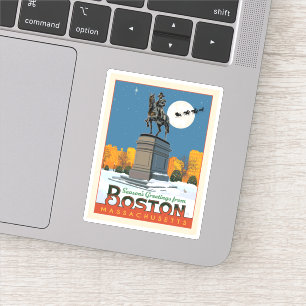 Groeten van het seizoen uit Boston Common! Sticker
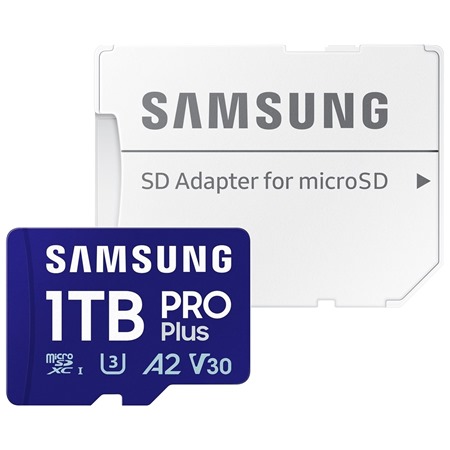 Samsung PRO Plus microSDXC 1TB + SD adaptr (MB-MD1T0SA/EU)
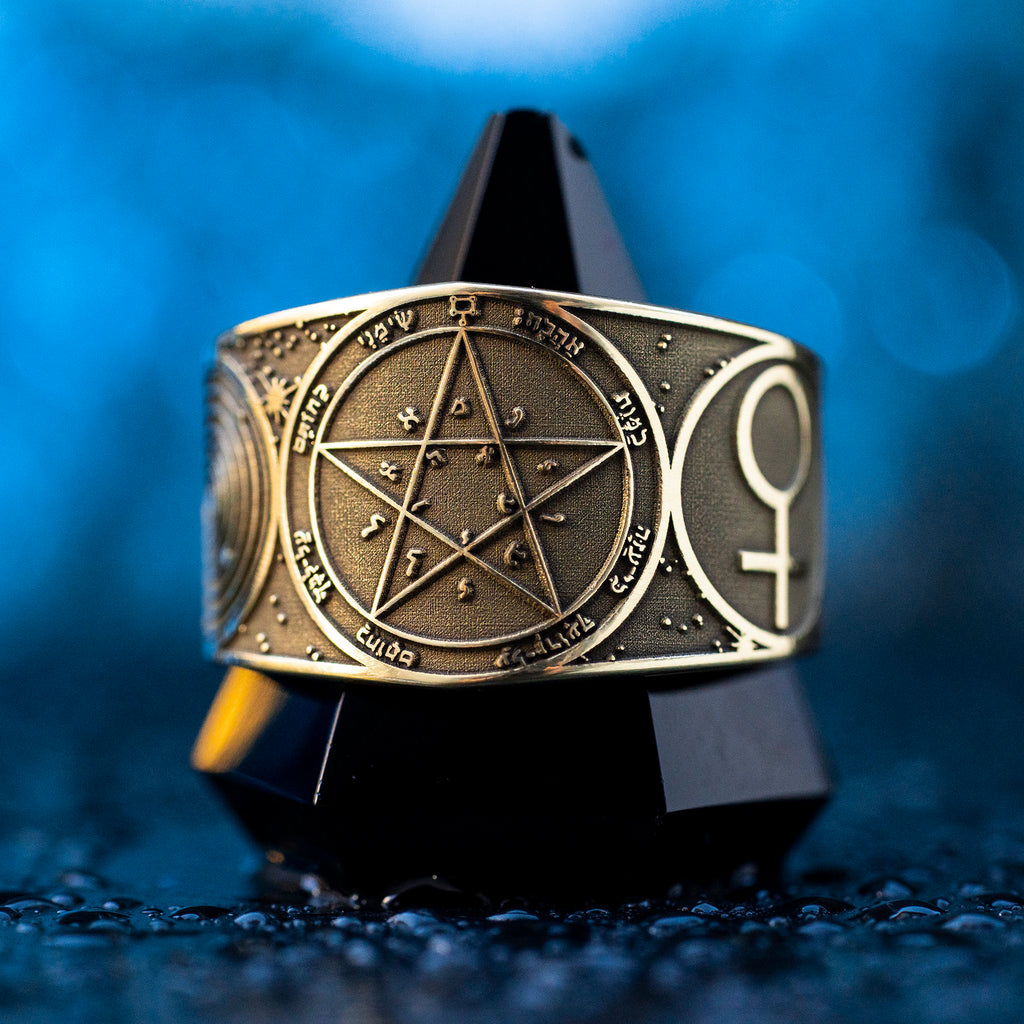Goetia Second Pentacle of Venus Ring: Solomon Kabbalah Amulet Talisman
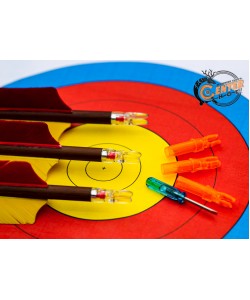 Хвостовик светящийся Centershot 6,2 мм для лучных стрел (красный, 3 шт.)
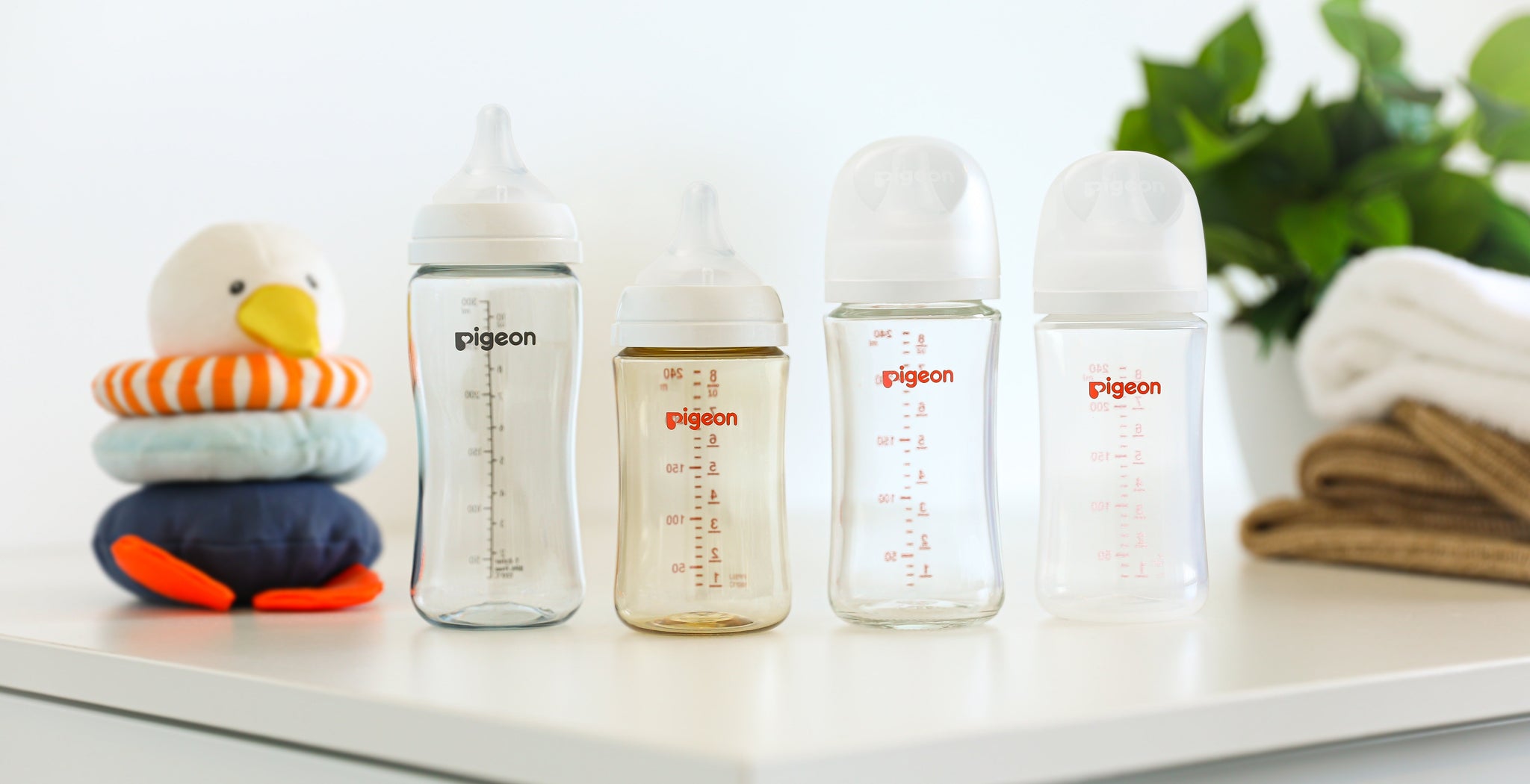Pigeon SofTouch III baby bottles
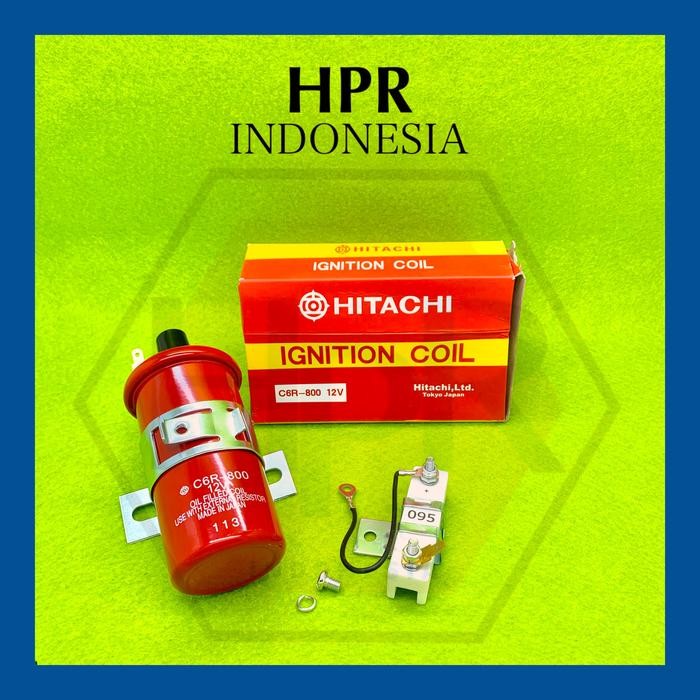 Koil Ignition Coil Hitachi 12V C6R-800 Daihatsu Charade G10 G11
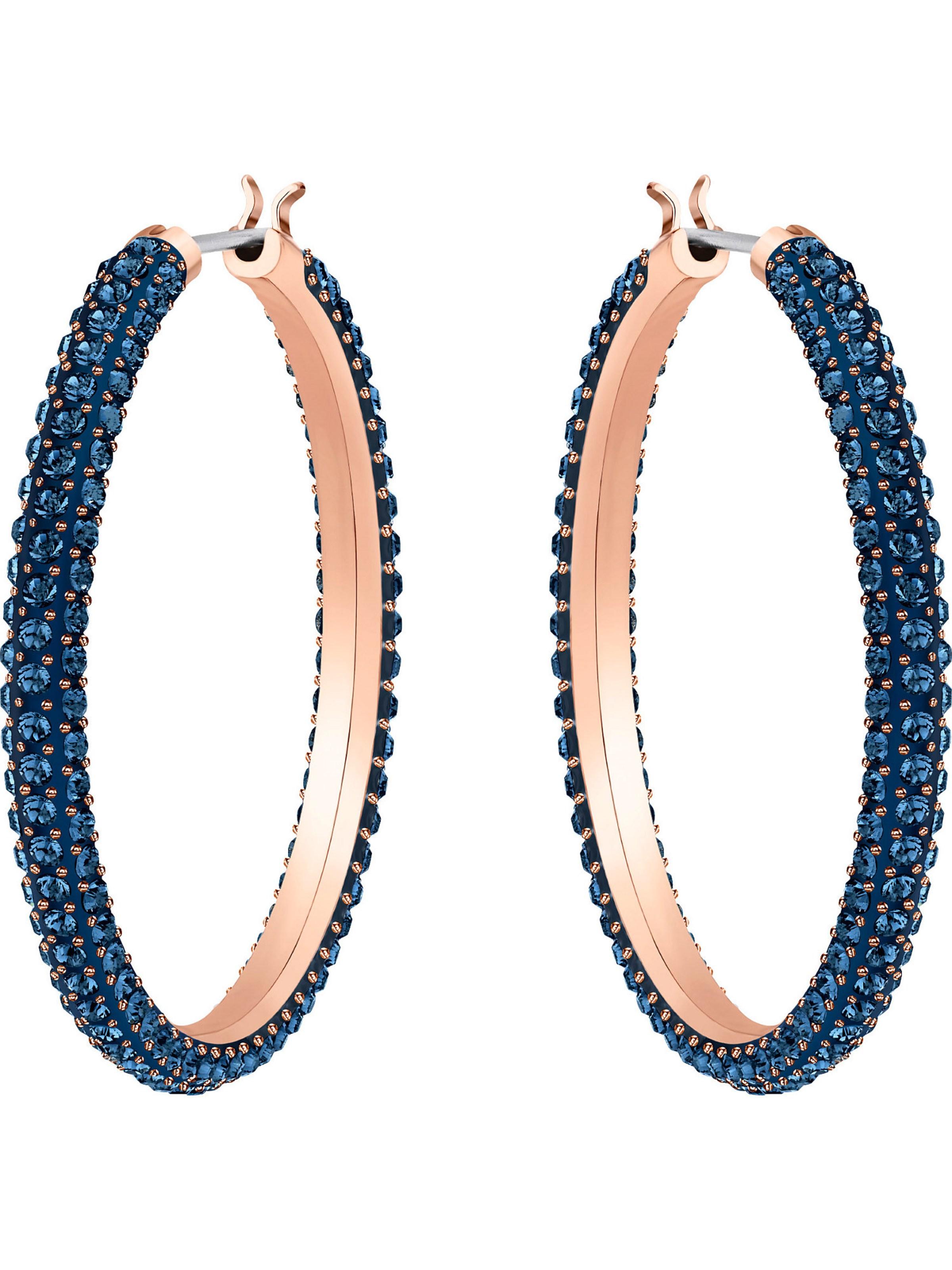 Swarovski Paar Creolen »Stone, blau, rosé Vergoldung, 5408459« mit ®  Kristallen in Blau | Lyst AT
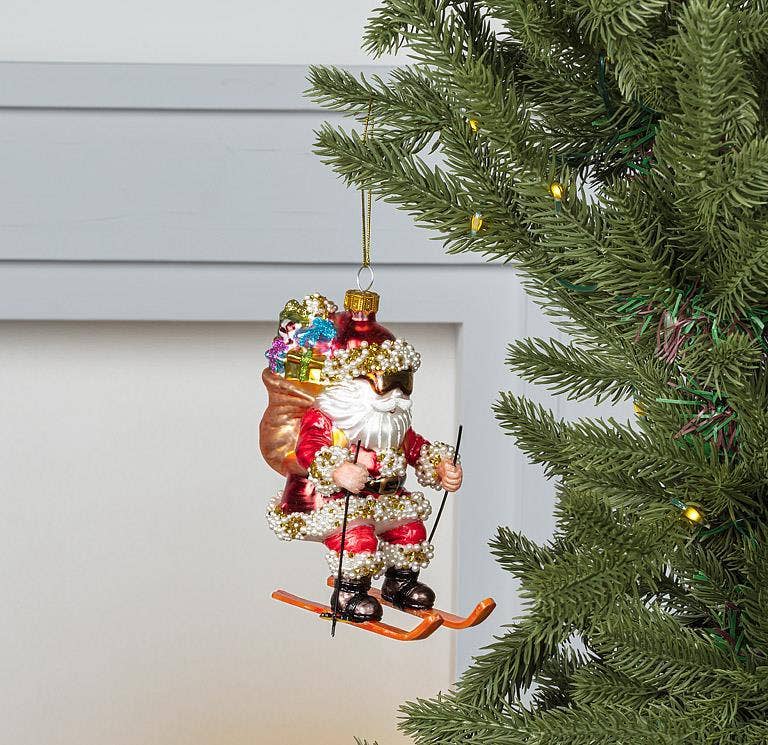 Abbott - Decorated Skiing Santa Christmas Ornament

→ **Exercise aim**
Retype all the data exactly. Omit pictures.

→ **Response to this task**
 Groeten van het seizoen uit Boston Common! Sticker
 Samsung PRO Plus microSDXC 1TB + SD adaptr (MB-MD1T0SA/EU)
Goetia Second Pentacle of Venus Ring: Solomon Kabbalah Amulet Talisman
 Хвостовик светящийся Centershot 6,2 мм для лучных стрел (красный, 3 шт.)
Pigeon SofTouch III baby bottles
 Koil Ignition Coil Hitachi 12V C6R-800 Daihatsu Charade G10 G11
 Swarovski Paar Creolen »Stone, blau, rosé Vergoldung, 5408459« mit ®  Kristallen in Blau | Lyst AT
 Abbott - Decorated Skiing Santa Christmas Ornament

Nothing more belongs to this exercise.